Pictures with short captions
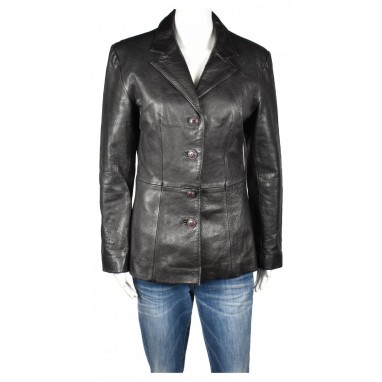 Дамско кожено яке Vero Moda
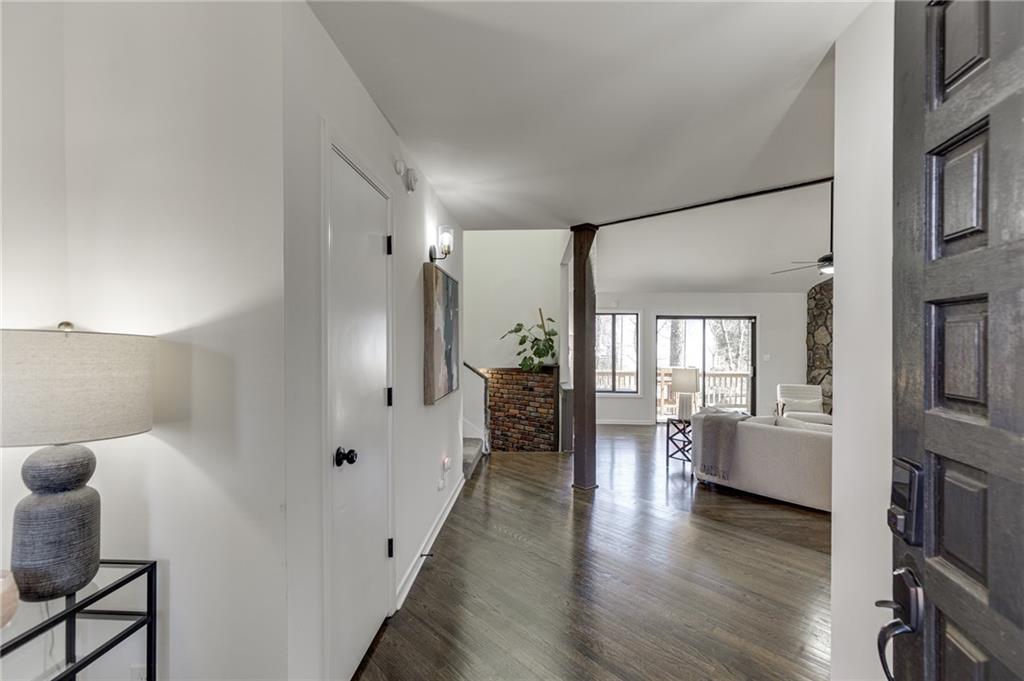 3449 Grist Mill Court NW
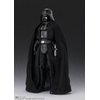 Bandai Spirits S.H. Figuarts Star Wars Darth Vader Classic Ver., Approx. 6.7 inches (170 mm), ABS & PVC & Fabric, Pre-painted Action Figure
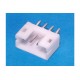 JST/PHR PCB HEADER CONNECTOR WITH FOUR PINS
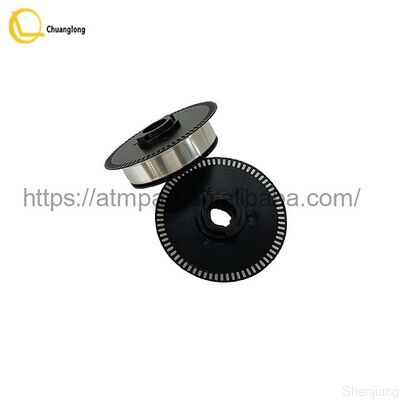 0090029373 एटीएम मशीन पार्ट्स एनसीआर 6683 6687 बीआरएम एस्क्रो सेंट्रल टेप रील अपर लोअर 0090032555 009-0032555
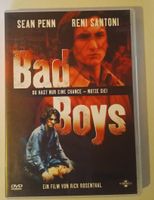 Bad Boys DVD mit Sean Penn - Ein Muss für Filmfans!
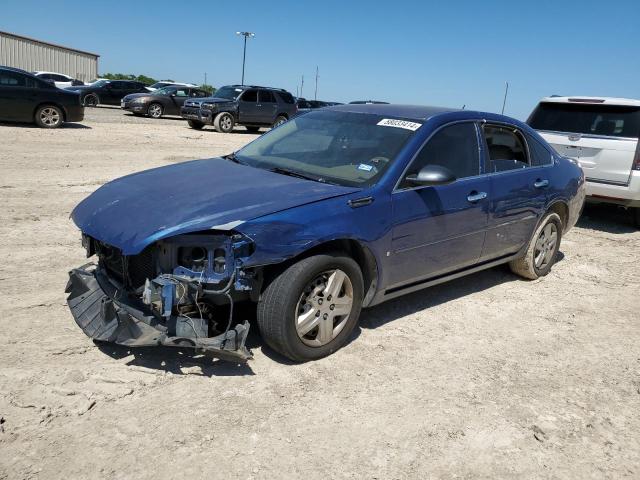 Chevrolet Impala (2006)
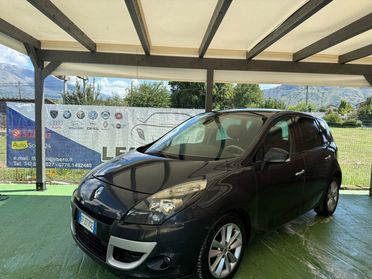 Renault Scenic 1.5 dCi 110CV garanzia 1 anno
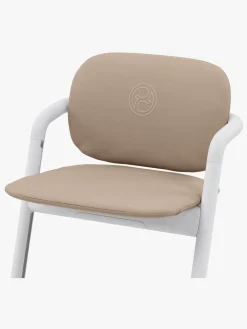 Cybex LEMO Højstolshynde, Almond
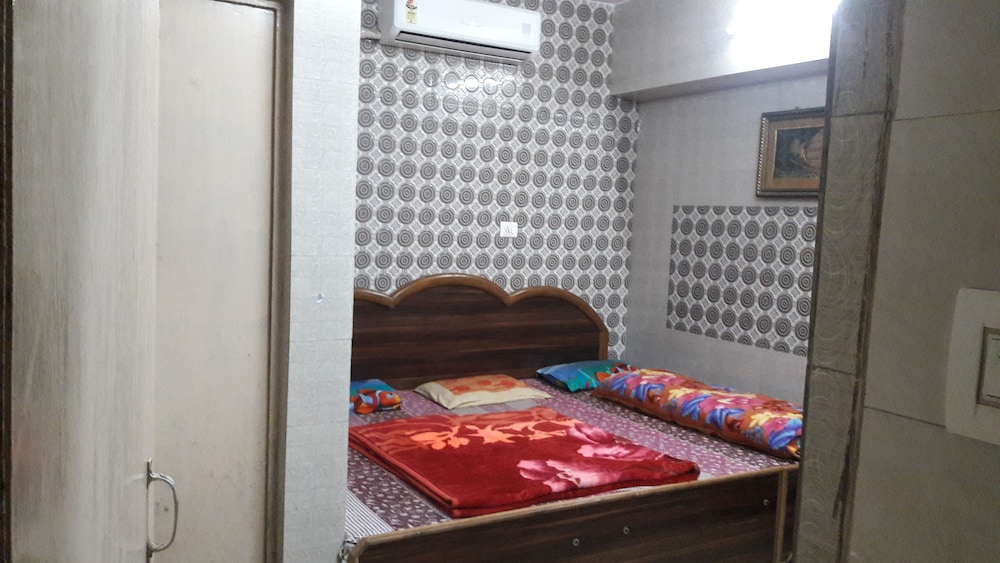 Deluxe Double Room, 2 Double Beds photo 1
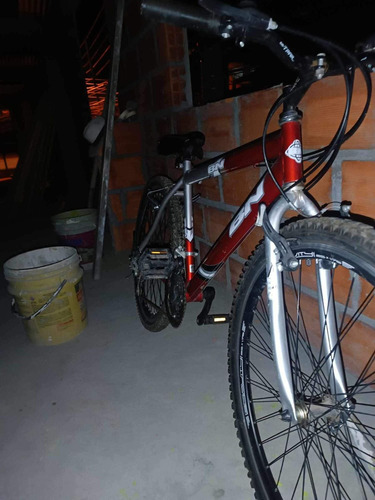 Bicicleta Bn Rin 26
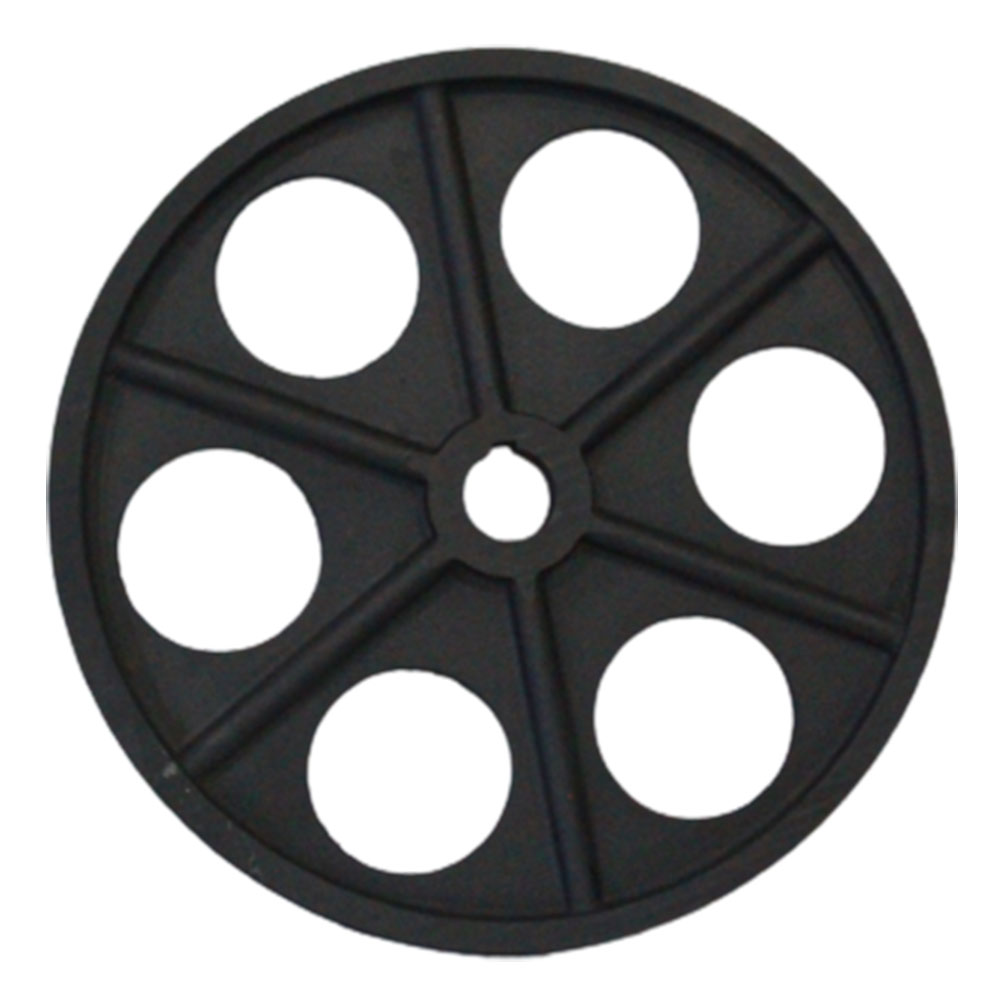 DRIVE WHEEL FOR UE-330SA MACHINE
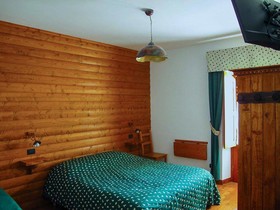 B&B Da Nonna Li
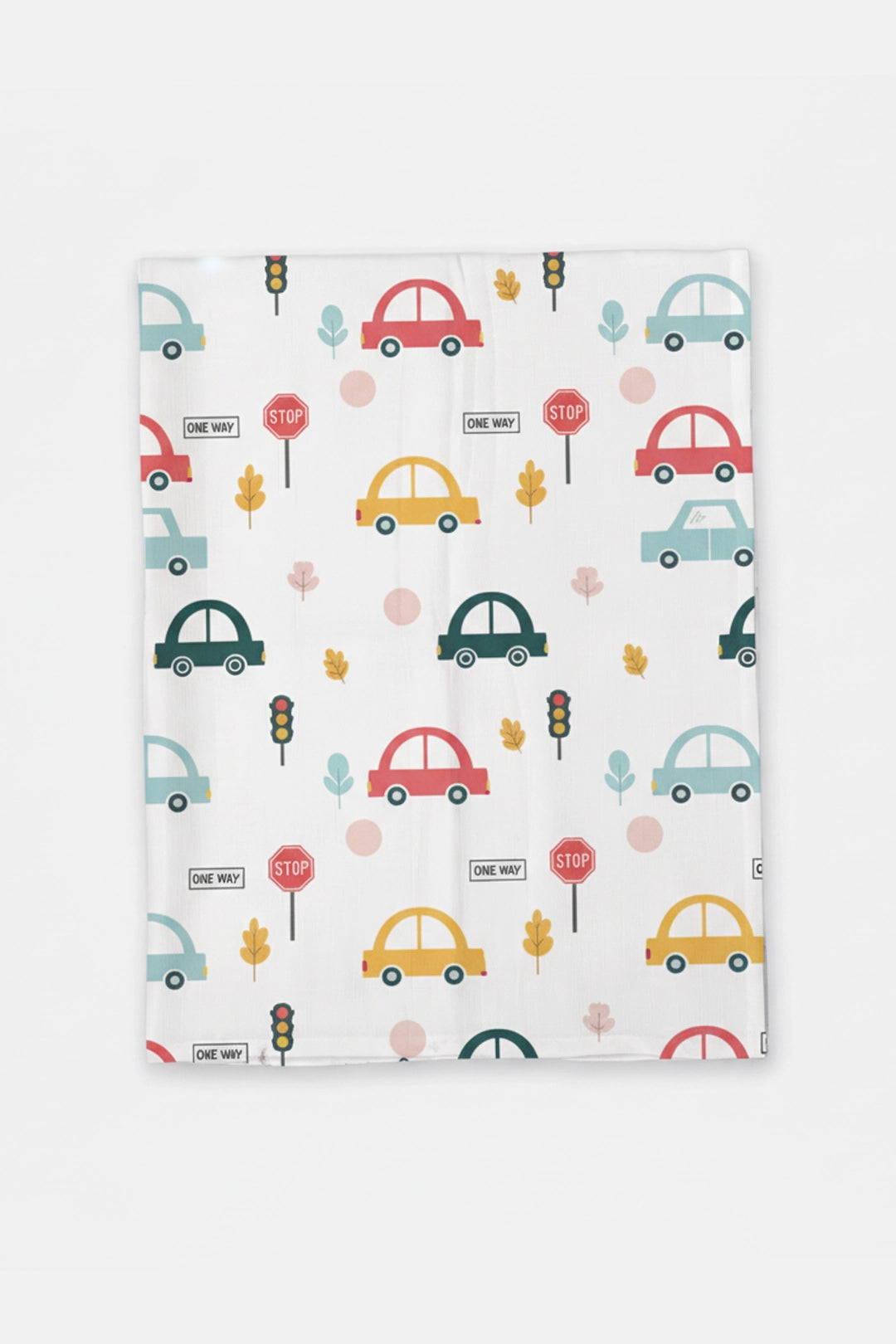 Little Lane Mom Towel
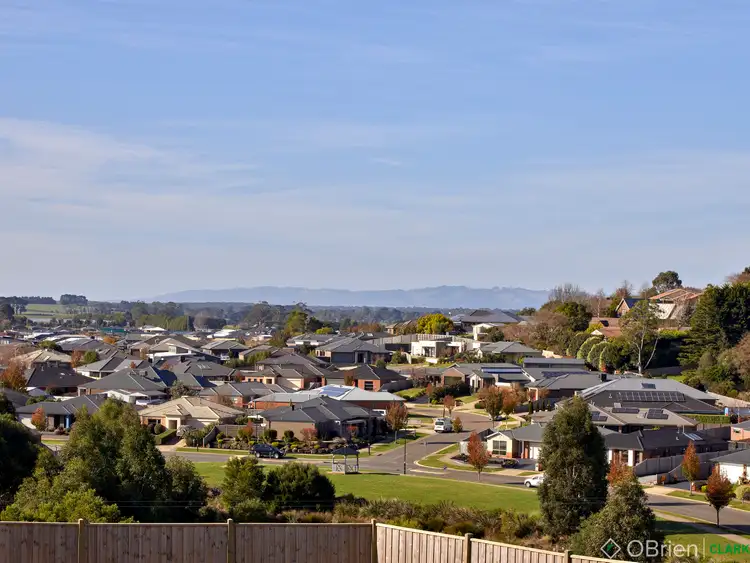 Sixth view of Homely land listing, 4 Glenhuntly Court, Warragul VIC 3820
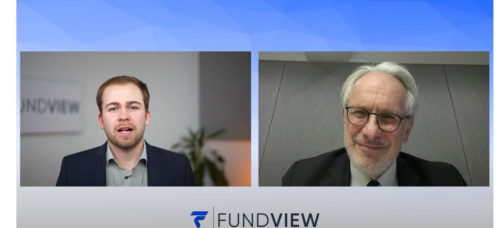 Thumbnail Videointerview Fundview mit Berthold Maier, Private Banking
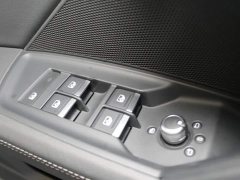 Audi A3 2023 facelift Sportback 35 TFSI stylish and sporty - фото 13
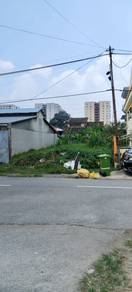 Residential Land in Jinjang, KUL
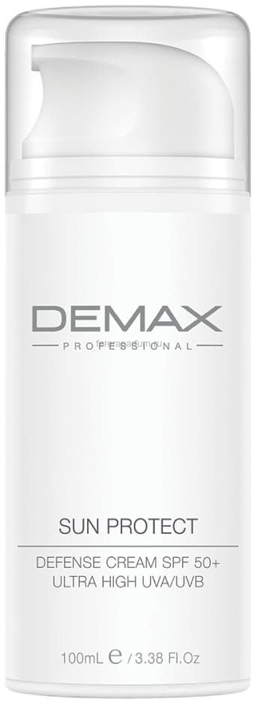 Інтенсивний денний зволожувач Intense Day Moisturizer SPF 50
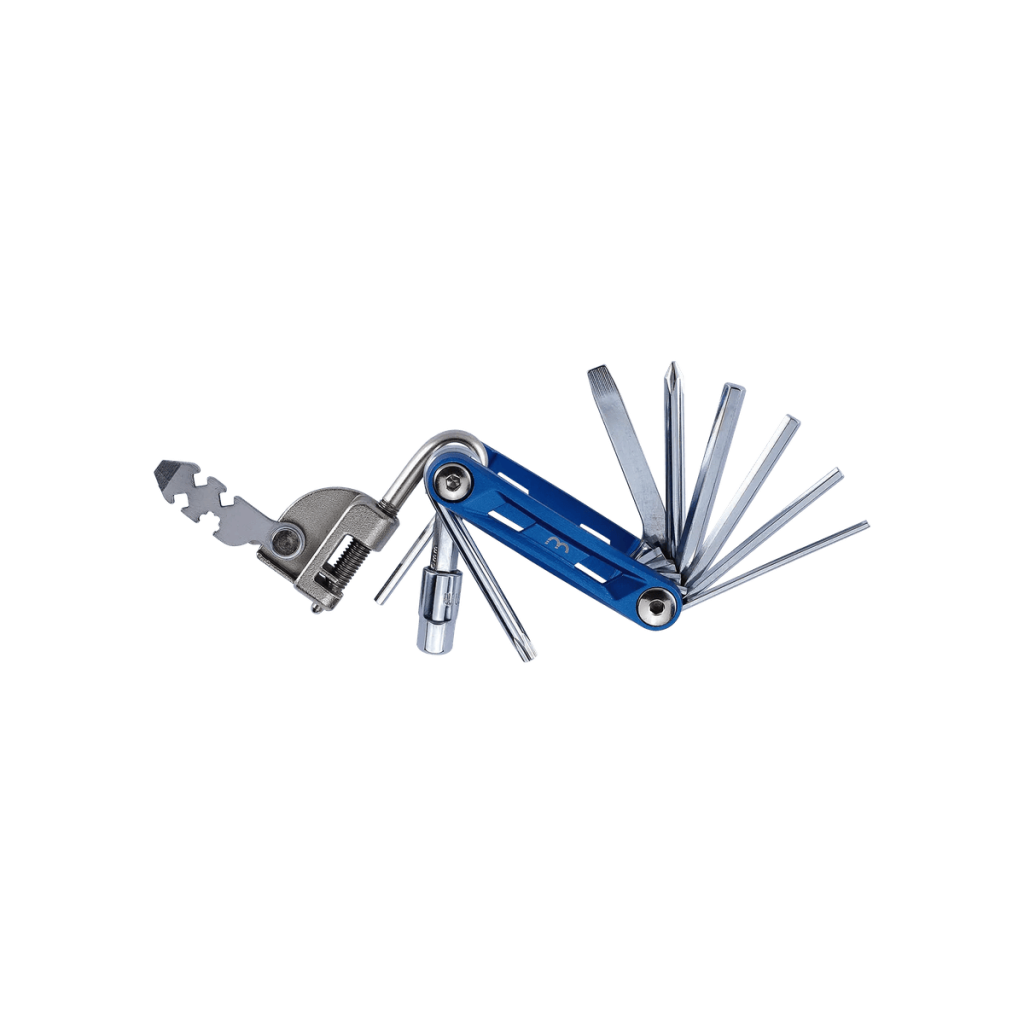 BBB Cycling PrimeFold L Minitool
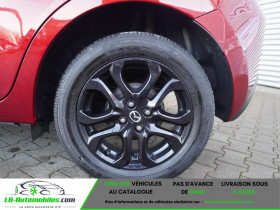 Mazda Mazda 2 1.5L SKYACTIV-G 90ch  occasion � Beaupuy - photo n�8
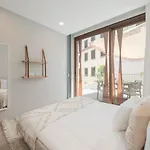 Cine Park Residences By An Island *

▶ **Task brief**
Only the lines from the line with "Thumbnail Videointerview Fundview" through the closing line of the data, both included, should be set down, exactly as written and without pictures.

▶ **Reply to the task**
 Thumbnail Videointerview Fundview mit Berthold Maier, Private Banking
 Audi A3 2023 facelift Sportback 35 TFSI stylish and sporty - фото 13
 Residential Land in Jinjang, KUL
 Інтенсивний денний зволожувач Intense Day Moisturizer SPF 50
 BBB Cycling PrimeFold L Minitool
 Mazda Mazda 2 1.5L SKYACTIV-G 90ch  occasion � Beaupuy - photo n�8
 Cine Park Residences By An Island *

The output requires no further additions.